### [What is being asked]
Only the lines from the one with "Oltu Stone Square" through the end of the data are wanted, copied exactly.

[Data extracted from a collection]
····················

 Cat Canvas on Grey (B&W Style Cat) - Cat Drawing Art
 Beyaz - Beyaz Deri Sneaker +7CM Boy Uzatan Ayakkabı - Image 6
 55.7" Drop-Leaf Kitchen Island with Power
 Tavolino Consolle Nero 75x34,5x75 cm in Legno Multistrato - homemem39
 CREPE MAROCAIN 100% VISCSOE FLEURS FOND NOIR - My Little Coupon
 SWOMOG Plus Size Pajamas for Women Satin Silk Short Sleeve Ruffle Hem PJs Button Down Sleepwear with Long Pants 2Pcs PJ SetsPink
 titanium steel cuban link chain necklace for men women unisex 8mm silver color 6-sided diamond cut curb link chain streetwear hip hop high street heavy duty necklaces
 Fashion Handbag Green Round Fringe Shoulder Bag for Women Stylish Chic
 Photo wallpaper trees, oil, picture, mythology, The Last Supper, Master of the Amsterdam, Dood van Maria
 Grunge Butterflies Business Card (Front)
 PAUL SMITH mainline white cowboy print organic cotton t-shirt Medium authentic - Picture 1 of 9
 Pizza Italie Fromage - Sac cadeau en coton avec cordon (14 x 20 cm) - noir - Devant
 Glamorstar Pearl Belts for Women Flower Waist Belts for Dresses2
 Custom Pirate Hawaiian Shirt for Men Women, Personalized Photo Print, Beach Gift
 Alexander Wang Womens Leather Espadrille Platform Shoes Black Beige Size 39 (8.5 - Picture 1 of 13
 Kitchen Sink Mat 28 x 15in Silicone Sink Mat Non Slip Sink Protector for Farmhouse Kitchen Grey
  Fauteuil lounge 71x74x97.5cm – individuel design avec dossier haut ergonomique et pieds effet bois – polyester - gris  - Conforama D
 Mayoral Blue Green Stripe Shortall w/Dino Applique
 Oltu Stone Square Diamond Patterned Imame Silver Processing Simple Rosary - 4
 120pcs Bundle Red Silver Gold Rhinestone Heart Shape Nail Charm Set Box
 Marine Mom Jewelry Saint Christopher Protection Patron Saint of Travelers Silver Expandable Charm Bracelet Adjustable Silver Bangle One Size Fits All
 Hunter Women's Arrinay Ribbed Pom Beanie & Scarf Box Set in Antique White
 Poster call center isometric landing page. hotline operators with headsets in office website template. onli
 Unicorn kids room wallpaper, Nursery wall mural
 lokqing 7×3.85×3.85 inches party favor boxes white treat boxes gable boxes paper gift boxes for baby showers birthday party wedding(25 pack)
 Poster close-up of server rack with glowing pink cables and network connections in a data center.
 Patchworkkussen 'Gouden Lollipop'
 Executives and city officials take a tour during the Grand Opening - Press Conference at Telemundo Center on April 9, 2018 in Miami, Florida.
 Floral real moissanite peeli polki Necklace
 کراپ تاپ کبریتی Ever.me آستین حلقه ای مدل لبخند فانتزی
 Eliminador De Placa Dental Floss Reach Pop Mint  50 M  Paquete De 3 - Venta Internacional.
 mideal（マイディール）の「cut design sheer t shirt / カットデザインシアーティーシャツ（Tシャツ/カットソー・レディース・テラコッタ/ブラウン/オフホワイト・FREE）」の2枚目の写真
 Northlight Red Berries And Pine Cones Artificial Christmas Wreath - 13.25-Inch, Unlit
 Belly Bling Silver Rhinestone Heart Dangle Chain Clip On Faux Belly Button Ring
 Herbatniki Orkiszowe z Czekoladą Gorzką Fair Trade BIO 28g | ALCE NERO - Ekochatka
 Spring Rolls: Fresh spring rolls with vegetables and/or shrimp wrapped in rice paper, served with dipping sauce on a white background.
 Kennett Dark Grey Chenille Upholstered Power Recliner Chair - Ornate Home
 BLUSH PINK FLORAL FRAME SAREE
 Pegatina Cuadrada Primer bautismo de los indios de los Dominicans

····················

### [Output for this exercise]
 Oltu Stone Square Diamond Patterned Imame Silver Processing Simple Rosary - 4
 120pcs Bundle Red Silver Gold Rhinestone Heart Shape Nail Charm Set Box
 Marine Mom Jewelry Saint Christopher Protection Patron Saint of Travelers Silver Expandable Charm Bracelet Adjustable Silver Bangle One Size Fits All
 Hunter Women's Arrinay Ribbed Pom Beanie & Scarf Box Set in Antique White
 Poster call center isometric landing page. hotline operators with headsets in office website template. onli
 Unicorn kids room wallpaper, Nursery wall mural
 lokqing 7×3.85×3.85 inches party favor boxes white treat boxes gable boxes paper gift boxes for baby showers birthday party wedding(25 pack)
 Poster close-up of server rack with glowing pink cables and network connections in a data center.
 Patchworkkussen 'Gouden Lollipop'
 Executives and city officials take a tour during the Grand Opening - Press Conference at Telemundo Center on April 9, 2018 in Miami, Florida.
 Floral real moissanite peeli polki Necklace
 کراپ تاپ کبریتی Ever.me آستین حلقه ای مدل لبخند فانتزی
 Eliminador De Placa Dental Floss Reach Pop Mint  50 M  Paquete De 3 - Venta Internacional.
 mideal（マイディール）の「cut design sheer t shirt / カットデザインシアーティーシャツ（Tシャツ/カットソー・レディース・テラコッタ/ブラウン/オフホワイト・FREE）」の2枚目の写真
 Northlight Red Berries And Pine Cones Artificial Christmas Wreath - 13.25-Inch, Unlit
 Belly Bling Silver Rhinestone Heart Dangle Chain Clip On Faux Belly Button Ring
 Herbatniki Orkiszowe z Czekoladą Gorzką Fair Trade BIO 28g | ALCE NERO - Ekochatka
 Spring Rolls: Fresh spring rolls with vegetables and/or shrimp wrapped in rice paper, served with dipping sauce on a white background.
 Kennett Dark Grey Chenille Upholstered Power Recliner Chair - Ornate Home
 BLUSH PINK FLORAL FRAME SAREE
 Pegatina Cuadrada Primer bautismo de los indios de los Dominicans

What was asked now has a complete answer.